WHAT NEEDS TO BE DONE -> In the data below, repeat the line containing "Woody&apos;s Wildlife Walks: Animal" and every following line exactly, up to and including the last line. Exclude pictures.

SOURCE RECORDS ->
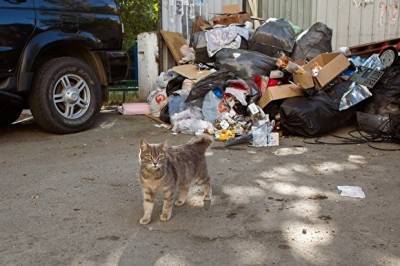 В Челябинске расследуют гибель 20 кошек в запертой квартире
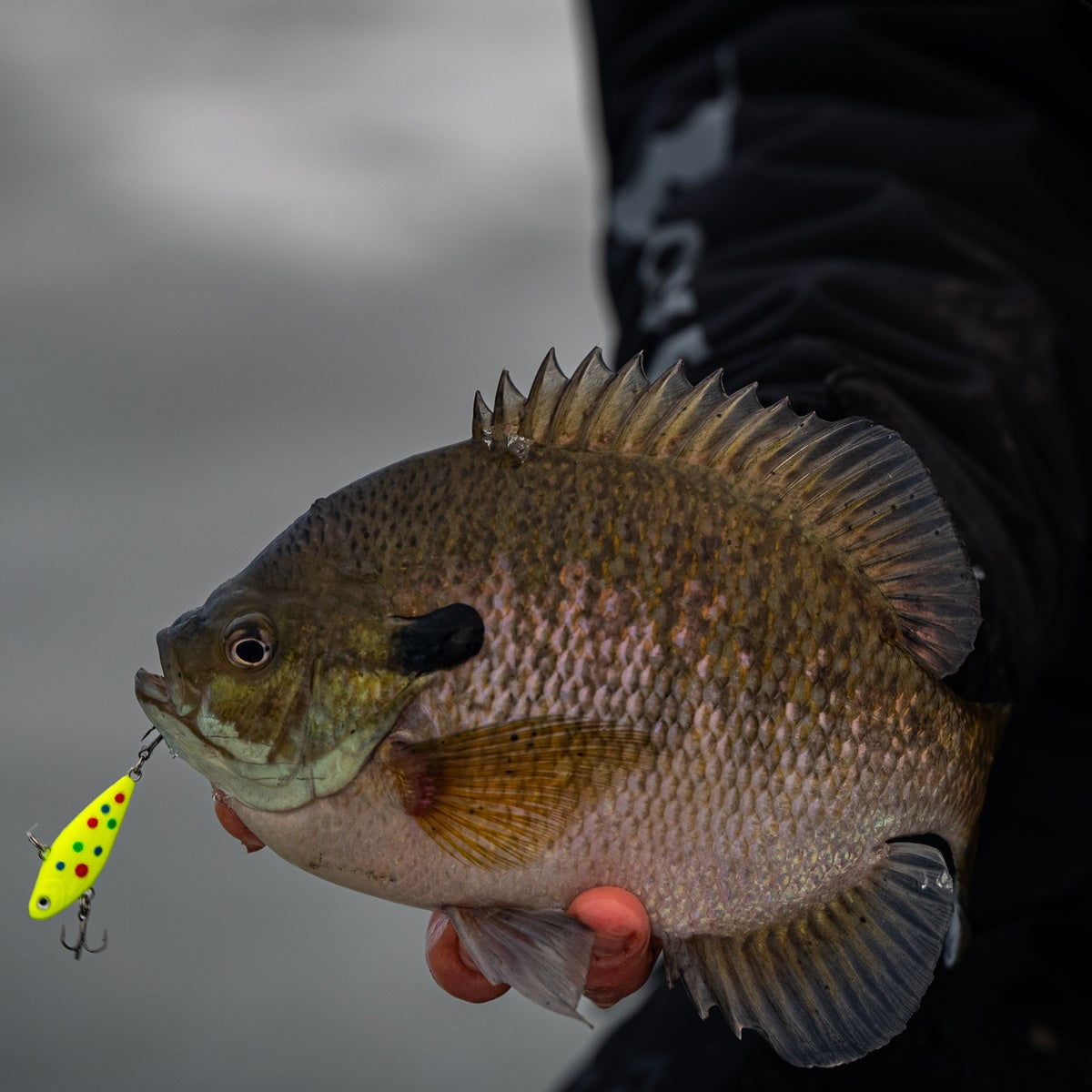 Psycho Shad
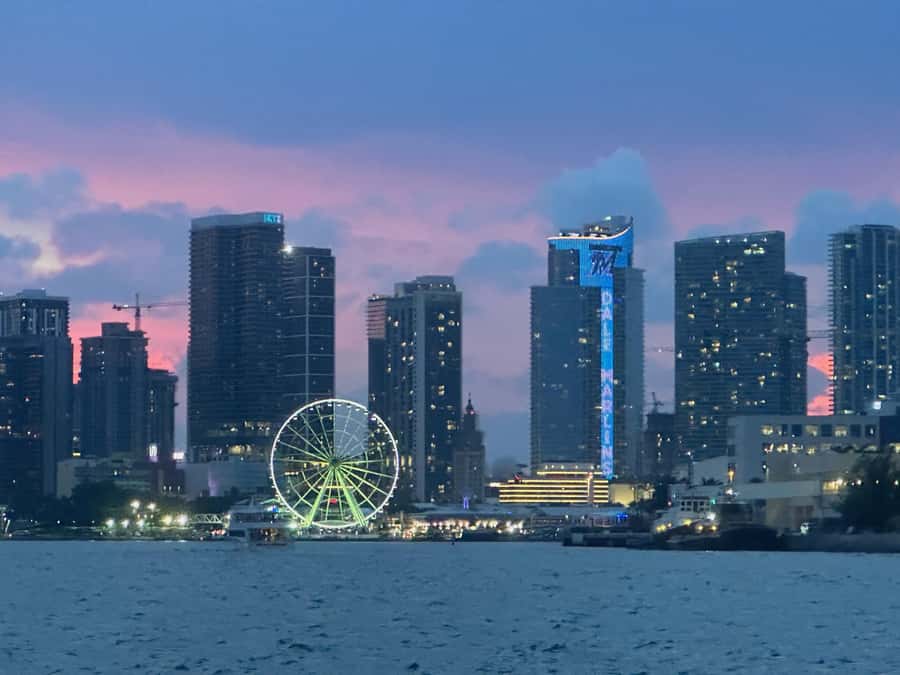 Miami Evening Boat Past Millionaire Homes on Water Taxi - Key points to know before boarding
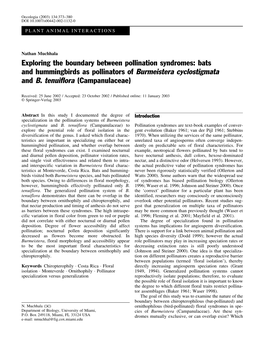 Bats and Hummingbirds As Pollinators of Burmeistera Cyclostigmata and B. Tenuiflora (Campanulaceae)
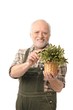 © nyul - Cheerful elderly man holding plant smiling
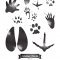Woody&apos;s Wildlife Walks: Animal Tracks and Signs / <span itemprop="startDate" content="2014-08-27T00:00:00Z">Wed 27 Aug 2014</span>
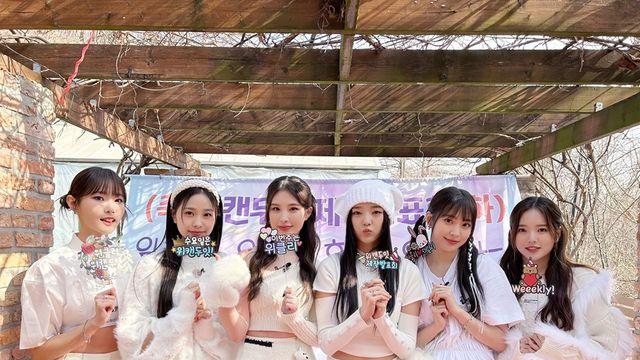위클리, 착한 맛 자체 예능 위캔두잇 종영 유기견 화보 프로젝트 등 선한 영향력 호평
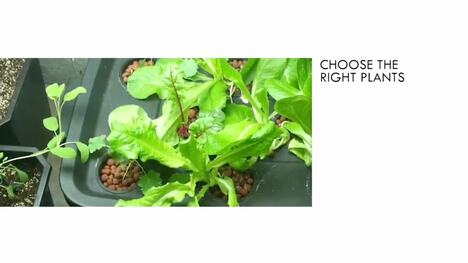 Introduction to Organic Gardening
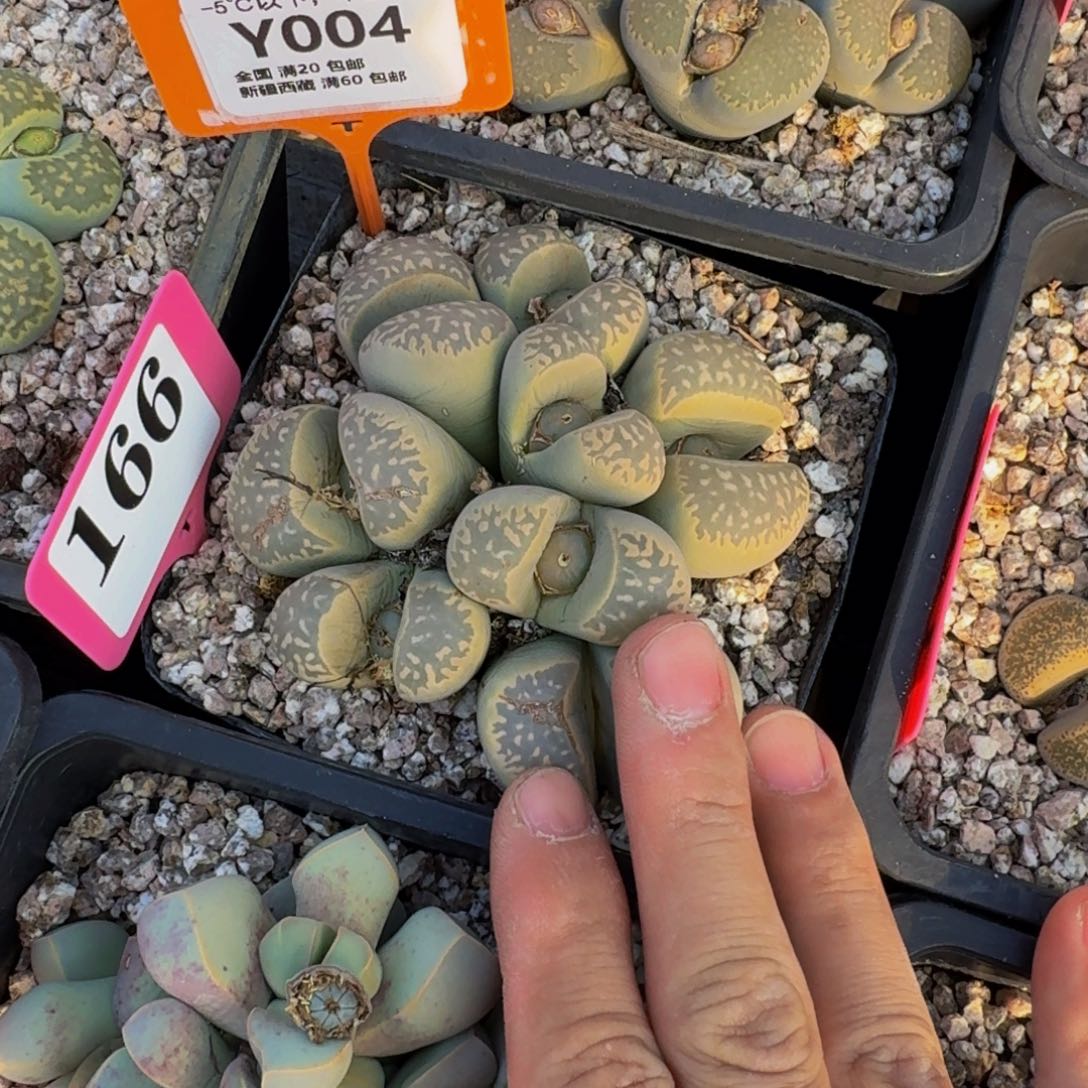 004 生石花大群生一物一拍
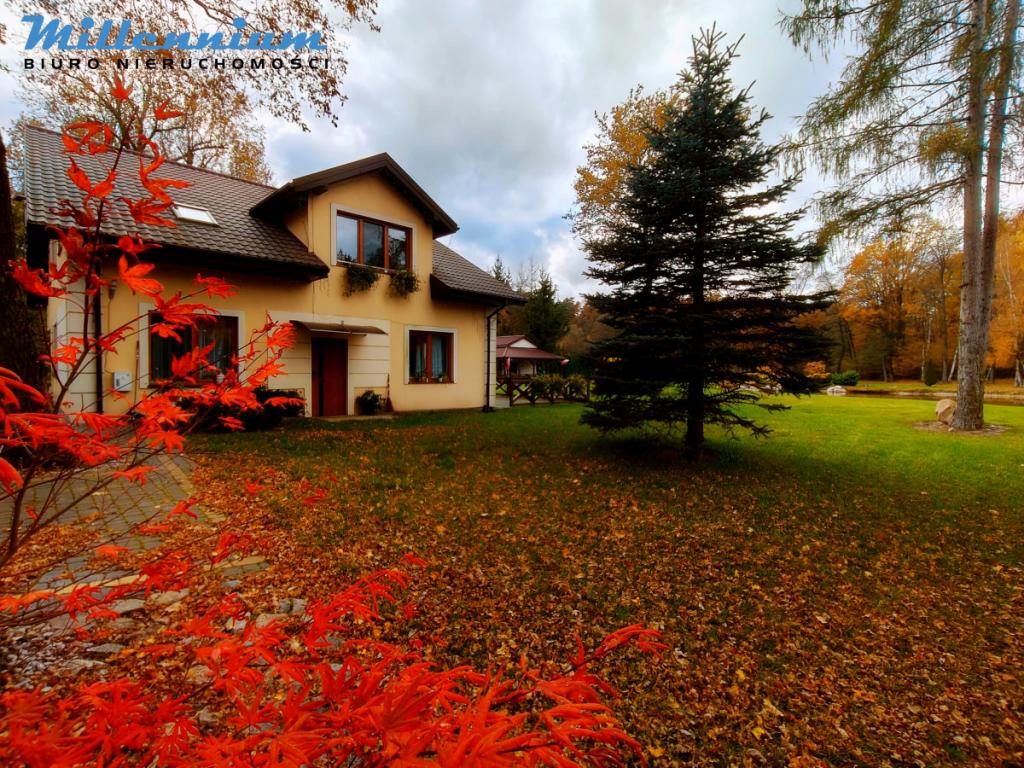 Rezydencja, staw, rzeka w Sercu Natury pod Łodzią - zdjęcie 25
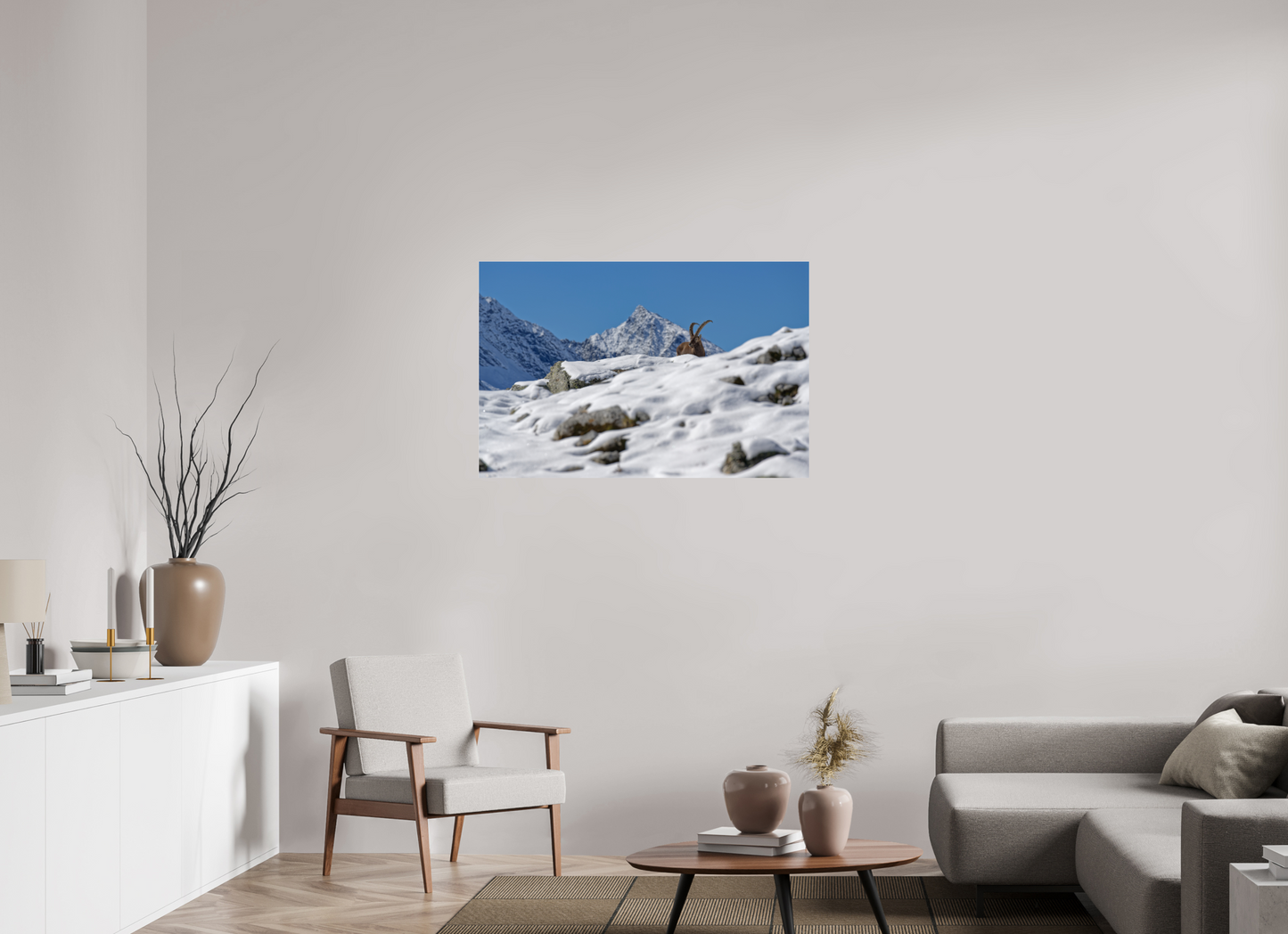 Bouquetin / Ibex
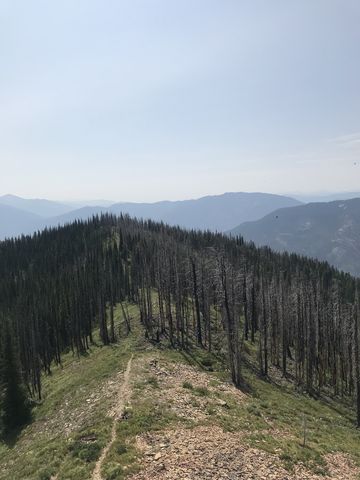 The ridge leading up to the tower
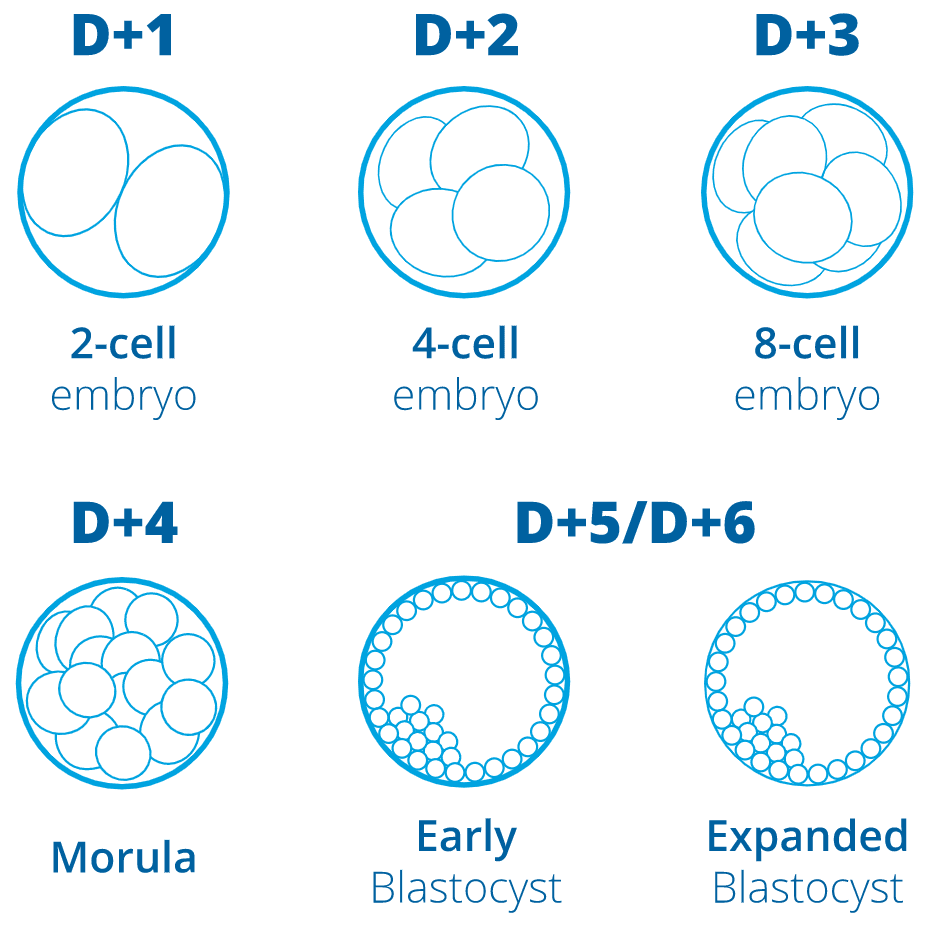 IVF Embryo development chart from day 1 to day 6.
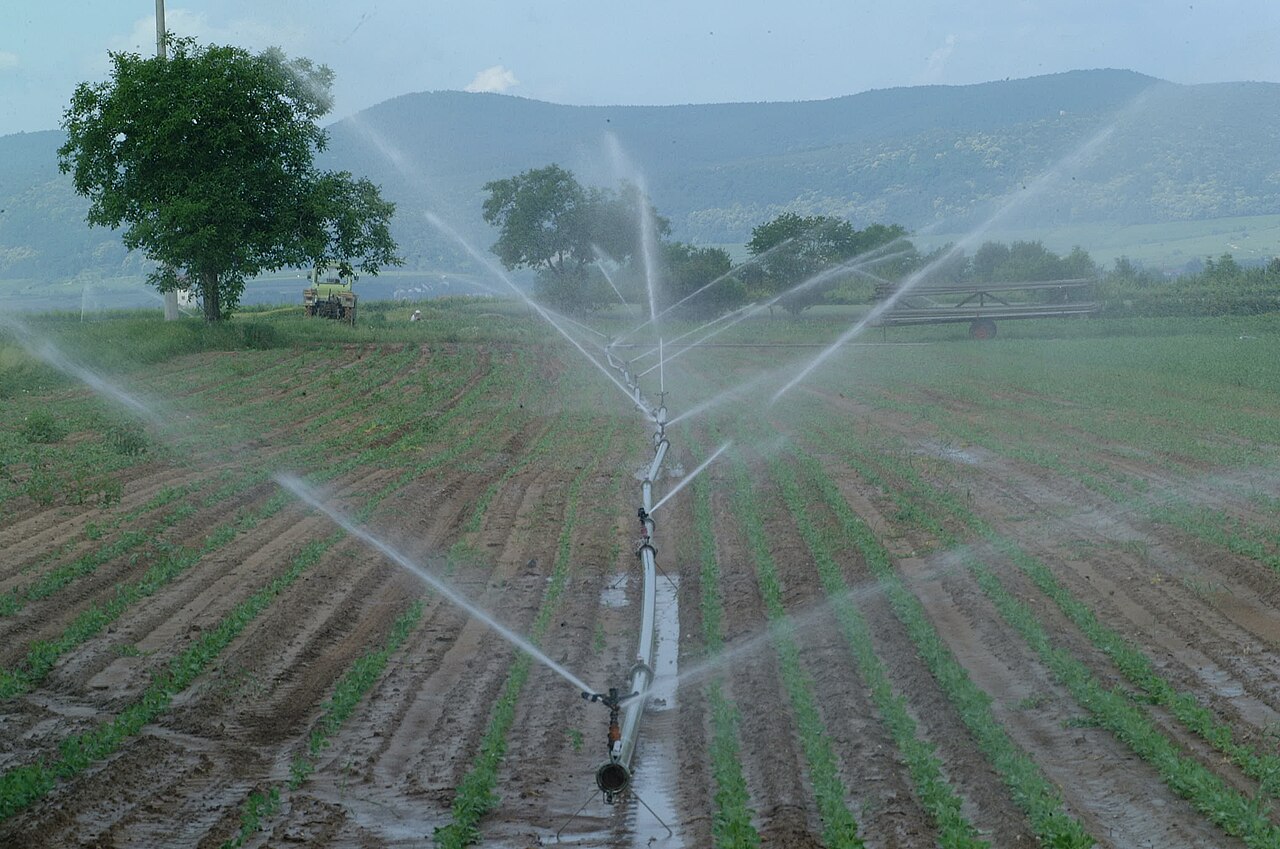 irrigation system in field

RESPONSE TO THIS TASK ->
Woody&apos;s Wildlife Walks: Animal Tracks and Signs / <span itemprop="startDate" content="2014-08-27T00:00:00Z">Wed 27 Aug 2014</span>
위클리, 착한 맛 자체 예능 위캔두잇 종영 유기견 화보 프로젝트 등 선한 영향력 호평
 Introduction to Organic Gardening
 004 生石花大群生一物一拍
 Rezydencja, staw, rzeka w Sercu Natury pod Łodzią - zdjęcie 25
 Bouquetin / Ibex
 The ridge leading up to the tower
 IVF Embryo development chart from day 1 to day 6.
 irrigation system in field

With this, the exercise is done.